Other cookies remain on your device and enable your device to be recognized on your next visit (persistent cookies).
The data processing connected to cookies, which serve solely to ensure that our web offering is functional, is based on our legitimate interest pursuant to Article 6 (1) (f) GDPR.
If you do not wish cookies to be used, you can adjust your browser settings so that cookies are not accepted and therefore not stored. Please note that in this case, where applicable, you may not be able to use all the functions offered by our website.
X. Your rights
According to Articles 15–21 GDPR, when the conditions described therein are met you may assert the following rights in relation to the personal data we have processed.
Right to information
You have a right to information about the personal data we are processing in relation to you.
Right to correction
You can demand that incomplete or improperly and inaccurately processed personal data are corrected.
Right to deletion
You have a right to the deletion of personal data relating to you, particularly if one of the following reasons applies:
- Your personal data are no longer necessary for the purposes for which they were collected or in other ways processed.
- You revoke your consent on which the processing of your data is founded.
- You have asserted a right of objection against the processing of data.
- Your data have been processed unlawfully.
There is no right to deletion, however, to the extent that the legitimate interests of the responsible party conflict with this. This may, for example, apply if
- personal data are necessary to establish, exercise or defend legal claims.
- deletion is not possible due to retention requirements.
Where data cannot be deleted, a right to restrict (subsequent) processing may be possible.
Right to restrict processing
You have the right to demand the restriction of processing of your personal data if
- you dispute the accuracy of the data and we therefore check for correctness,
- processing is unlawful and you reject deletion and instead demand that use is restricted,
- we no longer need the data but you, however, require it to establish, exercise or defend legal claims,
- you have filed an objection to the processing of your data and have not yet determined whether our legitimate reasons outweigh your reasons.
Right to data portability
You have the right to receive the personal data which you have provided in relation to yourself in a structured, accessible and machine-readable format and you have the right to transfer these data to another responsible party without hindrance by us, provided that the processing is based on consent or a contract and we perform processing with the help of automated methods.
Right to object
The data subject has the right to object, on grounds relating to his or her particular situation, at any time to processing of processing of personal data concerning him or her which is based on Article 6 (1) (e) or (f); this also applies to profiling based on these provisions.
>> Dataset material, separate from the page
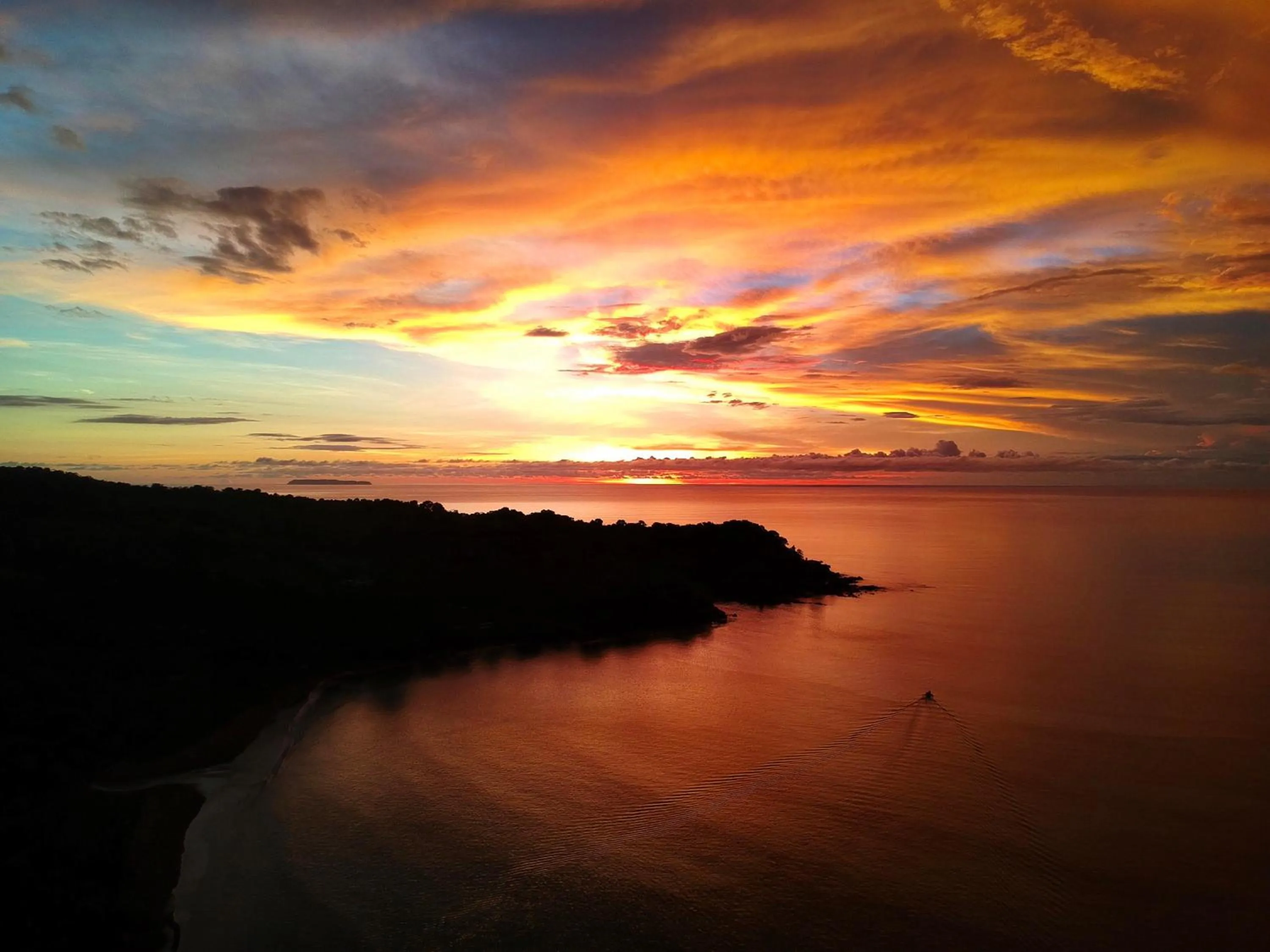 Sunset in Pacheco Tours Beach Cabins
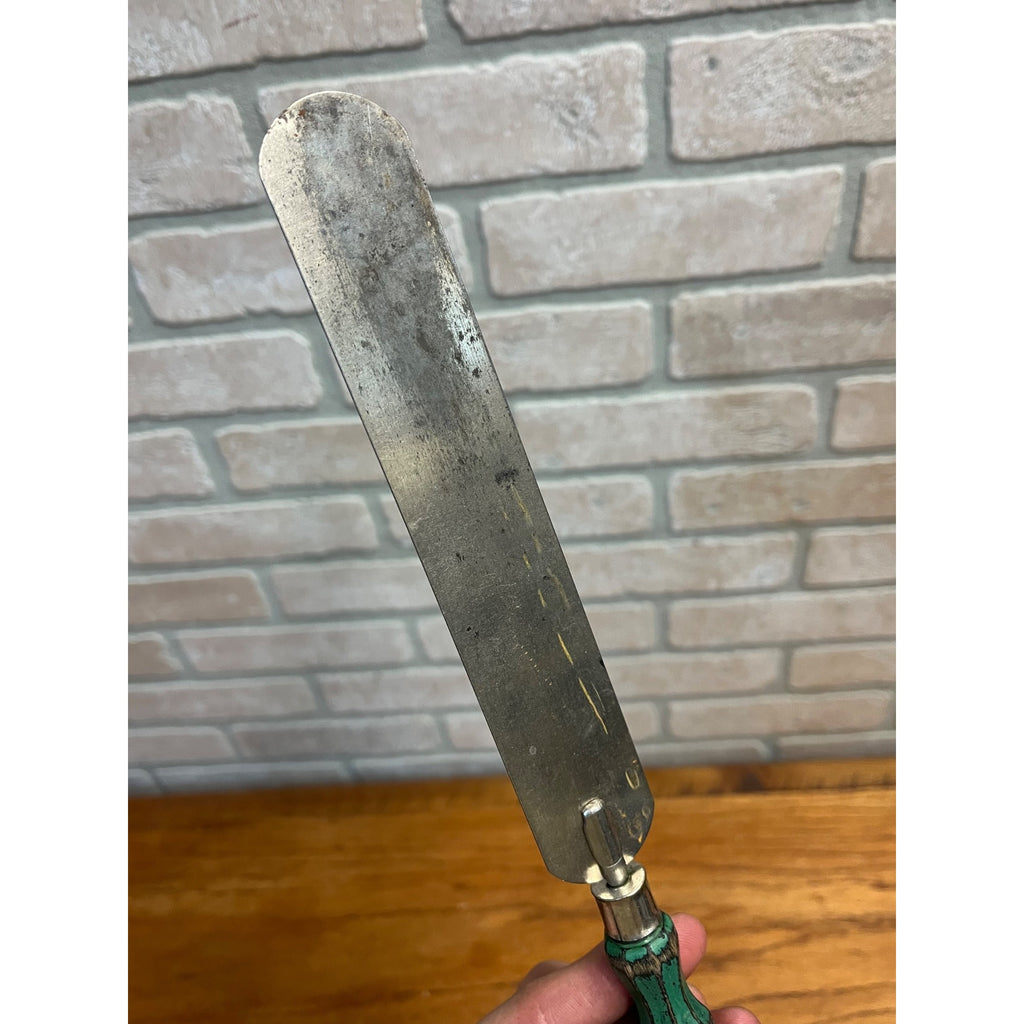 Antique Farmhouse Cake Icing Frosting Spatula Octagonal Green Wooden Handle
To the extent that the processing of your personal data is based on consent, you have the right to revoke this consent at any time.
XI. Standard periods for the deletion of data
Where no statutory retention requirement applies, data are deleted or destroyed if they are no longer required to achieve the purpose of data processing. The storage of personal data is subject to various time limits, for example data relating to tax-related issues are typically retained for 10 years and other data for six years in accordance with German commercial law. Ultimately the storage period may be based on statutory periods of limitation, which in accordance with Sections 195 et seq. of the German Civil Code (BGB), for example, are typically three years, but which may in certain cases be up to thirty years.
XII. Right to lodge a complaint with a supervisory authority
Under Article 77 GDPR, every data subject has a right to lodge a complaint with a supervisory authority if they are of the view that the processing of personal data relating to them infringes the GDPR. The responsible supervisory authority for matters relating to data protection is the data protection officer for the federal state in which our company is headquartered.